Understanding and evaluating news. Includes issues of "fake news", bias, ethics, "alternative facts", etc

Ideas for Practice

Exercise example – (Topic - Social Media or Feeds) - A “Backtrack Journal”  -  By Andy Revkin, Pace University Professor  - The task:

Each week, determine the path one bit of information took to get to you. If it was a powerful photo of a drowned refugee child, did it come via Facebook? Twitter? If so, was it forwarded by a friend from some other friend or feed? Who created the content? Try to trace how information MOVES.

Exercise example – (Topic – Social Media or Feeds - Polarization/Political Bias) Blue feed/Red feed website.  Prior to class have students review site and take notes (provide template?). Students should be prepared to discuss.  Dr. King put students in groups and assigned each group a topics.  Questions to investigate -- What type of images are presented? What kind of language is used?  What are the headlines? Since these are extremes, where would you find more middle ground, less ideological stories; and how do the former contrast with the latter.  Have librarian introduce less strident, more balanced sources like CQ Researcher or Opposing Viewpoints.

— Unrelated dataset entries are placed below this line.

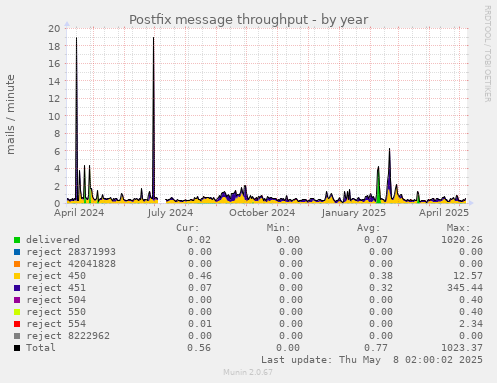 Postfix message throughput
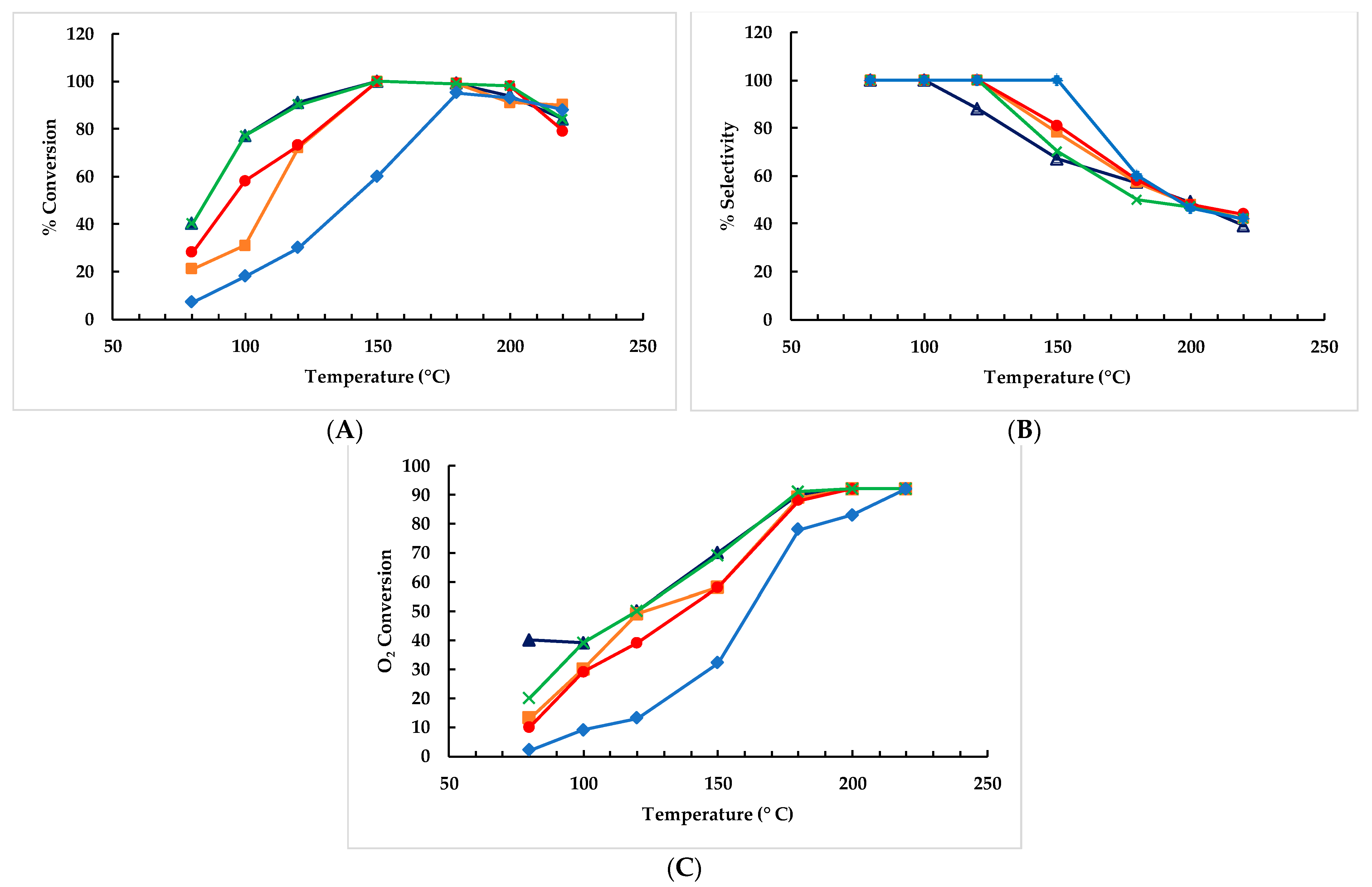Catalysts 14 00603 g007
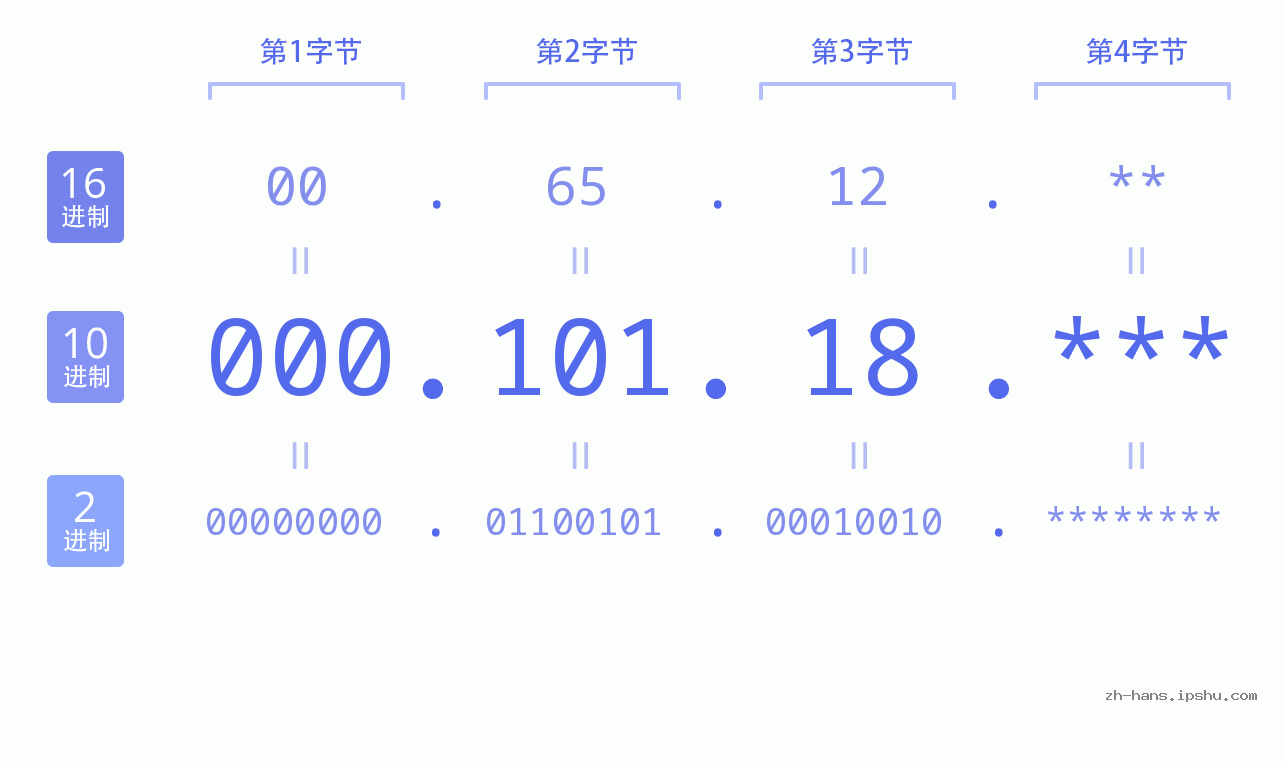 IP地址:000.101.18 数据结构图 二进制 十进制 十六进制 IPv4: 000.101.18 网络类型 网络号 主机号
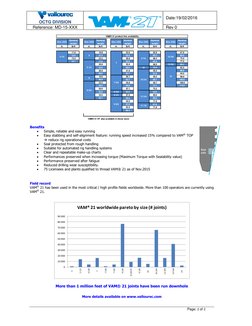 OCTG DIVISION
Date:19/02/2016
Reference: MD-15-XXX
Rev 0
Page: 2 of 2
Benefits
•
Simple, reliable and easy running
•
Easy sta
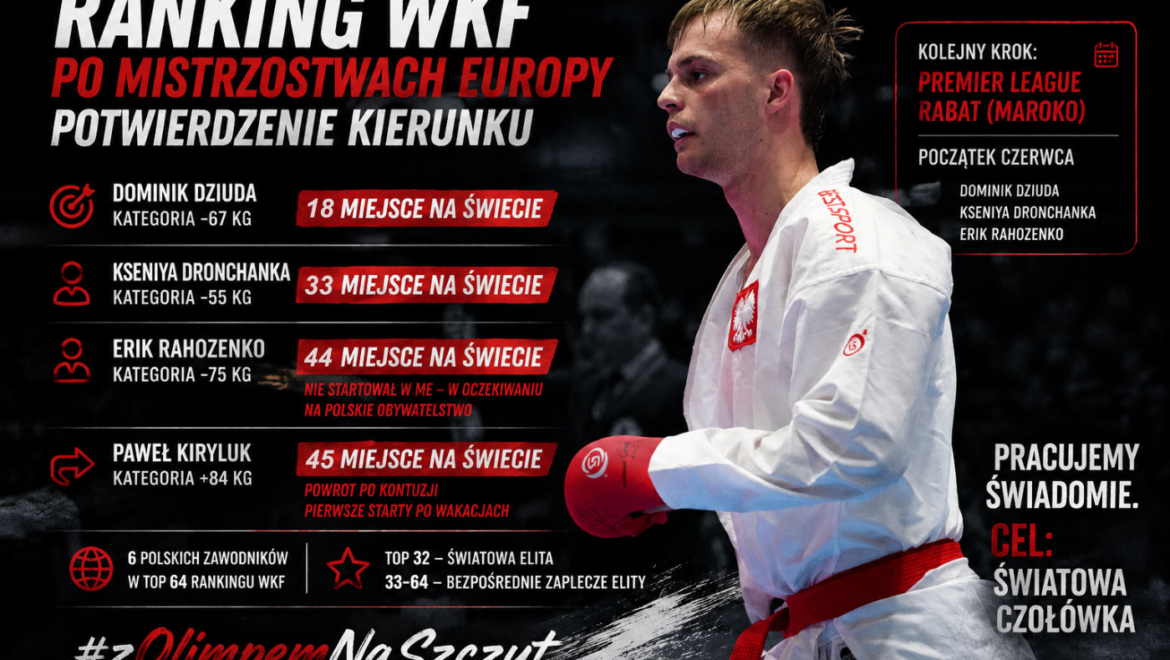 <strong>Ranking WKF po Mistrzostwach Europy – potwierdzenie kierunku</strong>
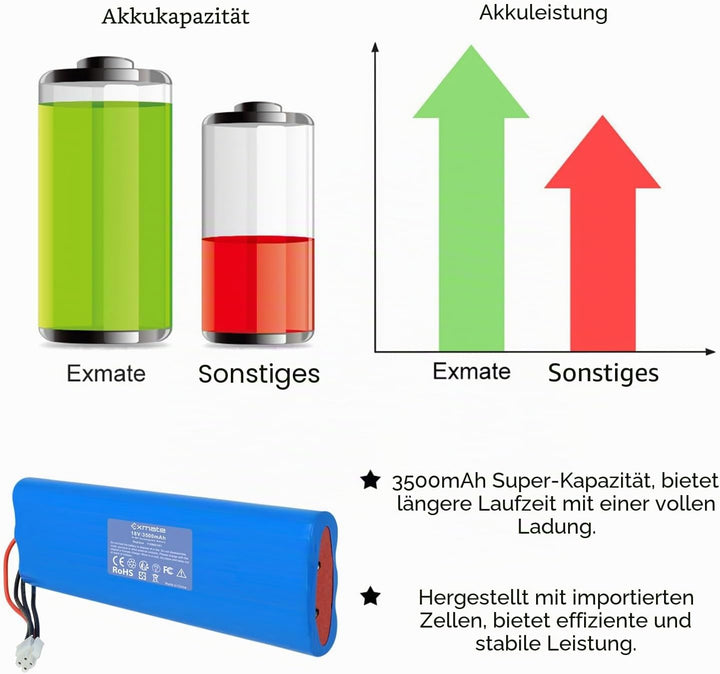 2X Exmate 18V NiMH 3500mAh Akku kompatibel mit Husqvarna Automower 210AC, 210C, 220AC, 230ACX, 260AC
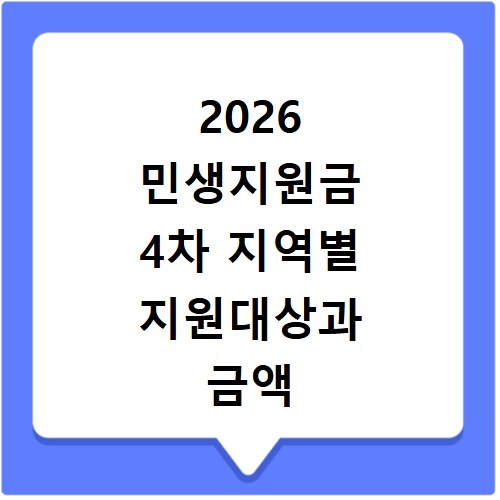 2026 민생지원금 4차 지역별 지원대상과 금액 확인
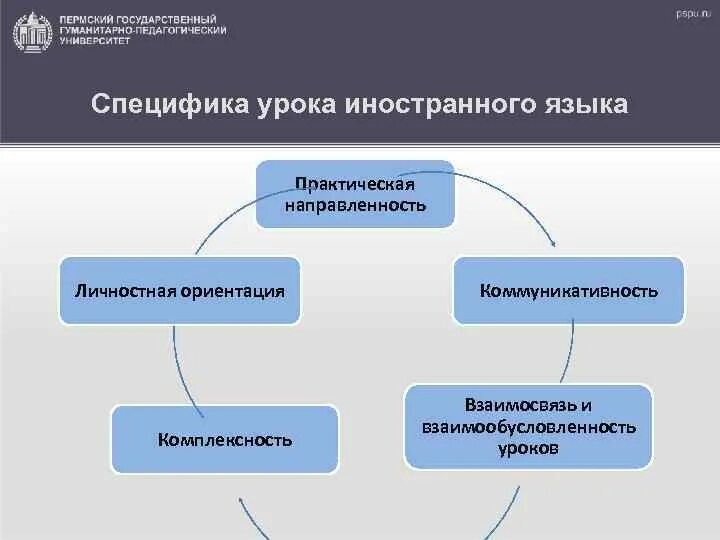 Организация урока иностранного. Специфика урока иностранного языка. Современный урок иностранного языка таблица. Этапы построение урока иностранного языка. Специфика урока это.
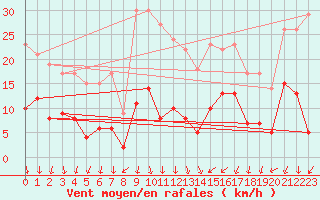 Courbe de la force du vent pour Nmes - Courbessac (30)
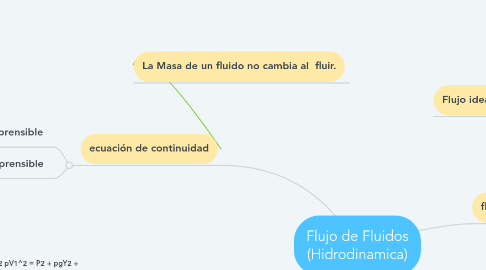 Mind Map: Flujo de Fluidos (Hidrodinamica)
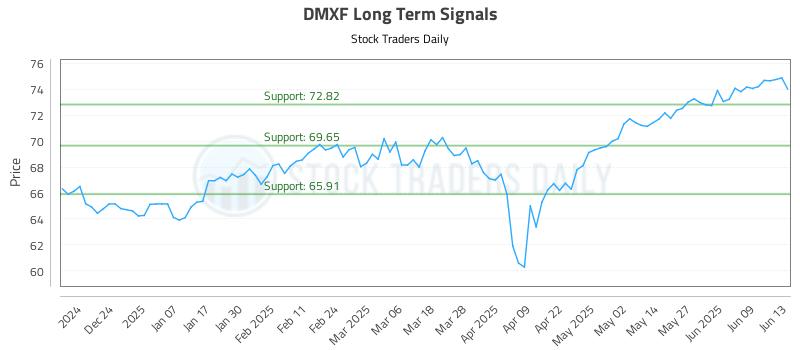 DMXF Long Term Analysis for June 13 2025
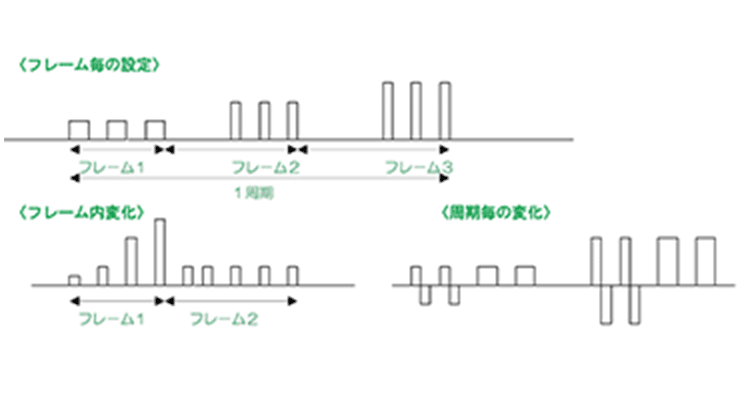 biphasic刺激設定、monophasic刺激設定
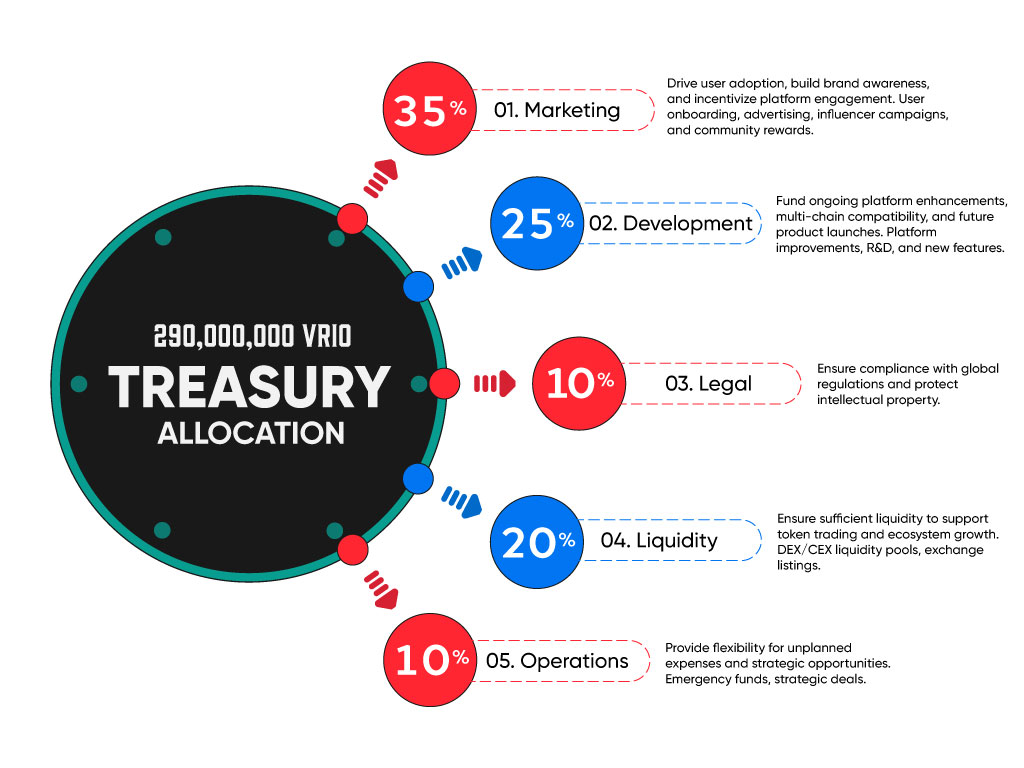 290,000,000 Treasury Allocation - 35% Marketing, 25% Development, 10% Legal, 20% Liquidity, 10% Operations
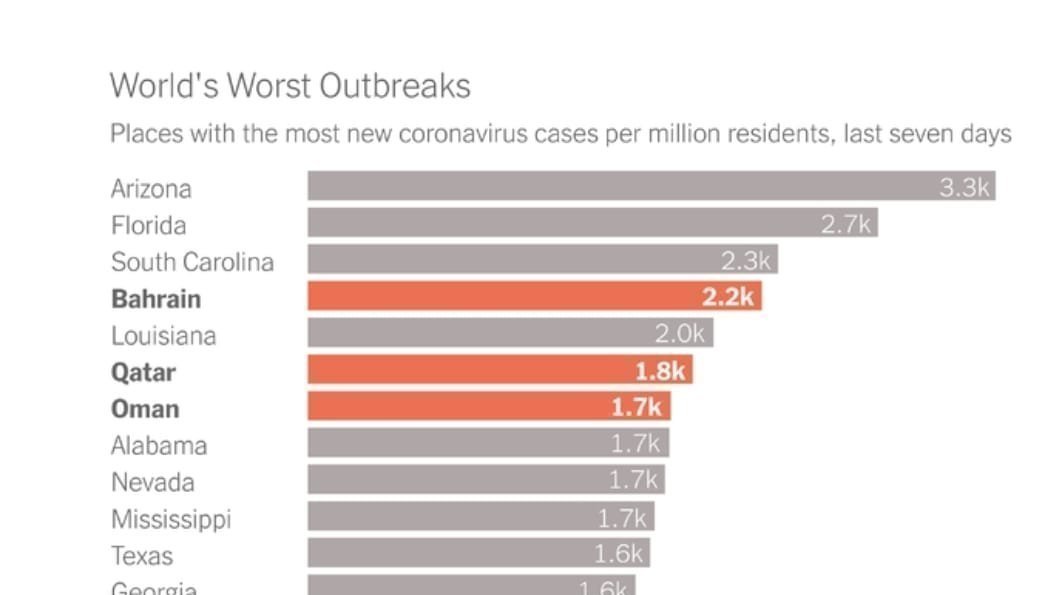 Petition update · 56 Florida hospital ICUs have hit capacity · Change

Exercise example – (Topic – Journalism - Newspaper  Writing)  – Give students examples of different newspaper writing - straight news story, editorial, feature article, article that is paid content, other.  Each has the same examples.  Have class read and note differences (template of questions?).  Note how/when one might be used in a paper, why one might be better than another, depending on the assignment.  Next class – show students how to search Greenville News (or New York Times, other) and limit search to “editorial” or “feature” type.  Have students pick a current event topic and find one hard news article and one editorial.  How might this type of search be useful? Have librarian introduce resources like Ulrich's.

Exerciser example – (Topic – Information Cycle) - Provide students with a Timeline of Information and discuss how the timeline operates and how the cycle may differ in your discipline.  Have students select topics and find a representative item from as many source-types as applicable.  Discuss when, why a particular source may be appropriate/inappropriate – link.